Tue Hejlskov Larsen tlr at kb.dk
Wed Aug 17 14:00:12 CEST 2022


No  - I ran through all our current 7.3 harvester logs and Indexserver log

In the latest broadcrawls the dedup indexes was between 85 - 107 G unzipped withou any error.


Index server java version on RHEL6

java version "1.8.0_91"
Java(TM) SE Runtime Environment (build 1.8.0_91-b14)
Java HotSpot(TM) 64-Bit Server VM (build 25.91-b14, mixed mode)
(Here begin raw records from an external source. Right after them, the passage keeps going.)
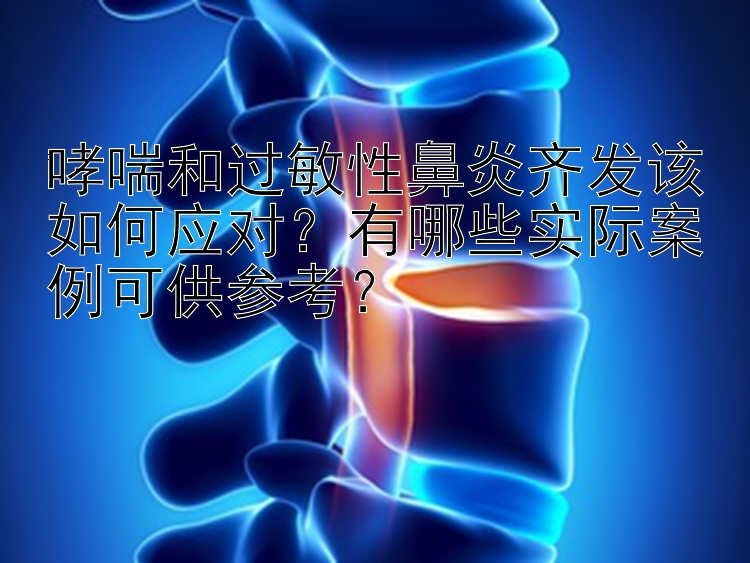 哮喘和过敏性鼻炎齐发该如何应对？有哪些实际案例可供参考？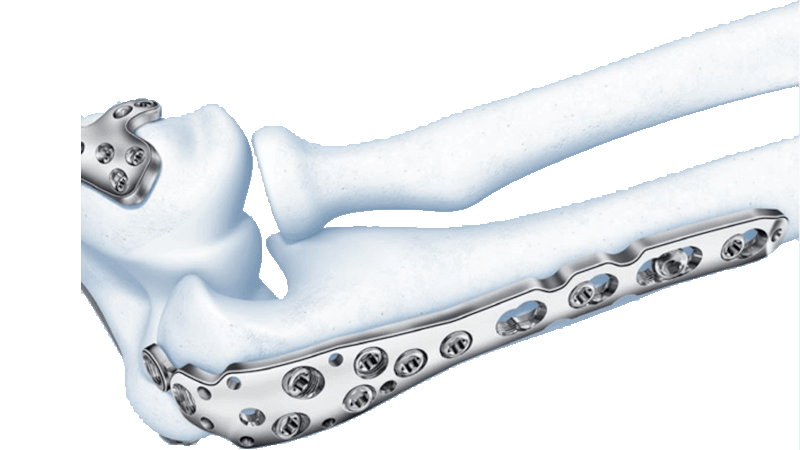 LCP Olecranon Plate attached to bone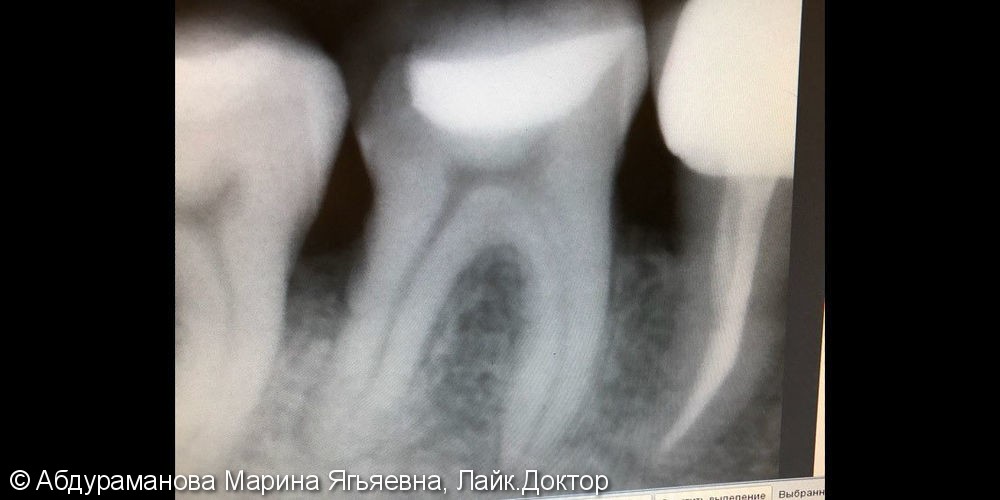 Эндодонтическое лечение зуба 4.6 - фото №1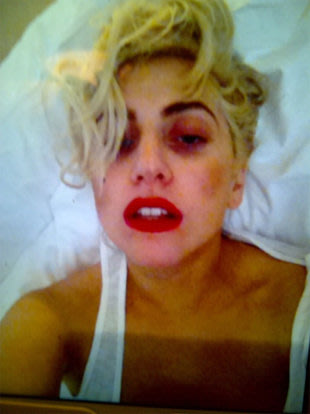 Lady Gaga Posting Foto Mata Lebam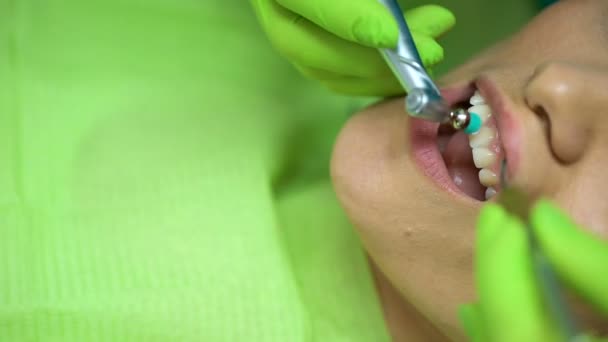 Dentista profesional blanqueamiento de dientes de mujer joven, cuidado dental, primer plano — Vídeos de Stock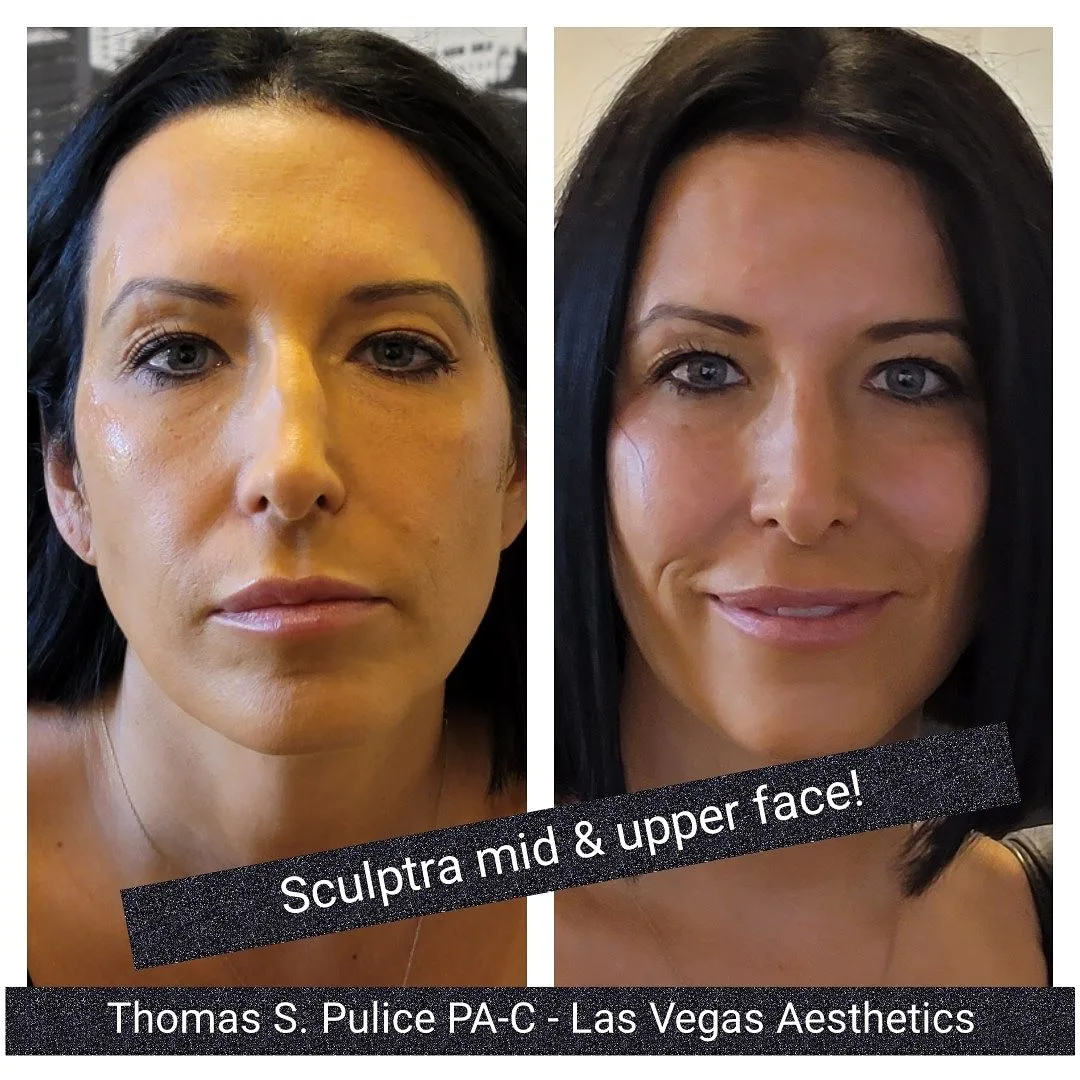 Sculptra before and after, mid and upper face, Las Vegas Aesthetics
Harvester java version on RHEL6 - RHEL8
[prod at kb-prod-har-001 ~]$ java -version
java version "1.8.0_151"
Java(TM) SE Runtime Environment (build 1.8.0_151-b12)
Java HotSpot(TM) 64-Bit Server VM (build 25.151-b12, mixed mode)

Best regards
Tue



________________________________
Fra: Netarchivesuite-devel <netarchivesuite-devel-bounces at ml.sbforge.org> på vegne af aponb at gmx.at <aponb at gmx.at>
Sendt: 17. august 2022 12:59
Til: netarchivesuite-devel at ml.sbforge.org
Emne: [Netarchivesuite-devel] corrupt GZIP Trailer

Dear all,

we are experiencing a problem with deduplication during our Domain
Crawl. There are IOFailures due to "corrupt GZIP Trailer" by unzipping
the index which is based by thousands of previous crawled jobs.
Deduplication for the daily small crawls is working.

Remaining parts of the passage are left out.